Dockhead
Well-Known Member
Your post is astounding in its arrogance and ignorance. You haven't bothered to make an effort to understand what I'm saying and are too lazy to look at the source material I've quoted. I've spent seven or eight hours over the last couple of weeks going through modules on the web and have simplified it down to a what is still quite a lengthy post, but I've condensed an awful lot of detail.
The whole point is to try to understand it mathematically. They're not difficult formulae. I've also provided worked examples to help illustrate the points, but you don't seem to have looked at them in any detail.
I'm not sure I can even simplify it to your terms. You're looking for a one dimensional answer to something that is not one dimensional. I guess you read abridged versions of the classics.
So anyway, here goes in noddy terms.
1) waves are generated by the wind.
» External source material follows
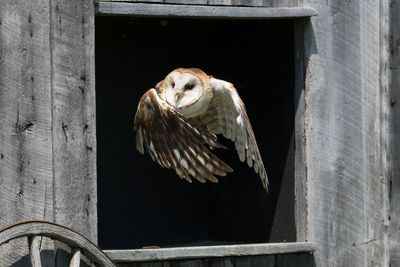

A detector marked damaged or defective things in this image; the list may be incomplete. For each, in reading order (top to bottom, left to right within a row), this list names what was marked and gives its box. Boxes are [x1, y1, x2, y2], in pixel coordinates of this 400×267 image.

splintered wood edge [95, 2, 318, 19]
splintered wood edge [0, 222, 115, 267]
splintered wood edge [104, 242, 318, 262]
The period and height depend upon the wind speed, fetch, which is the distance over which the waves are affected by the wind not the distance from the nearest land, and time. Sometimes they develop from scratch and sometimes they develop from existing waves already created by a gentler wind.
2) After generation is finished waves propagate as swell (I'm not going into that as it's a whole area in itself). Swell is generally less steep because energy transfer and dispersion causes swell period (hence wavelength) to increase and height to decrease.
3) Wave speed in deep water is proportional to period, in shallow water it is proportional to water depth.
4) The period of a wave does not change when it enters shallow water so its wavelength decreases as it slows down. That again is a whole area in itself and I'll skip that to keep it simple as my earlier posts confined themselves to deep water.
5) I must've already posted this three or four times, but here goes again. WIND OVER TIDE IS NOT IN ITSELF THE MAJOR CAUSE OF THE STEEP WAVES YOU ENCOUNTER IN 'WIND OVER TIDE' CONDITIONS. In other words, although the wind opposing the tide causes bigger waves to be generated, it is not the major factor.
6) When an existing wave enters an area of water that is flowing in the opposite direction its period remains the same. It slows down and the wavelength decreases. It's height increases by a proportionate amount. In other words it becomes much steeper. THAT IS THE MAJOR CAUSE.
7) The wave energy is a mixture of kinetic and potential energy. Although energy is lost to the sea bed in shallow water, we're not considering that case, so as the wave slows down kinetic energy is transferred into potential energy. The potential energy is the gravational potential energy of the wave crests.
Now we're getting somewhere. At least 90% of this verbiage is irrelevant to the question (Waves are generated by wind? You don't say!) but at long last (!) a clear thesis emerges, in Point 6 - so it is, according to you, the transition between areas of water moving in relation to one another, which causes the foreshortening of the wavelength. So for the Gulfstream, you have swell built up over a long fetch which is then caught up short against the moving mass of the Stream.
I think all of us "noddies" know that the water in waves moves up and down (or in circles), contrary to appearances. So I think we can imagine that if you impart a real horizontal moment to this whole system, you might have something like a Doppler shift in the wavelength. Hmm.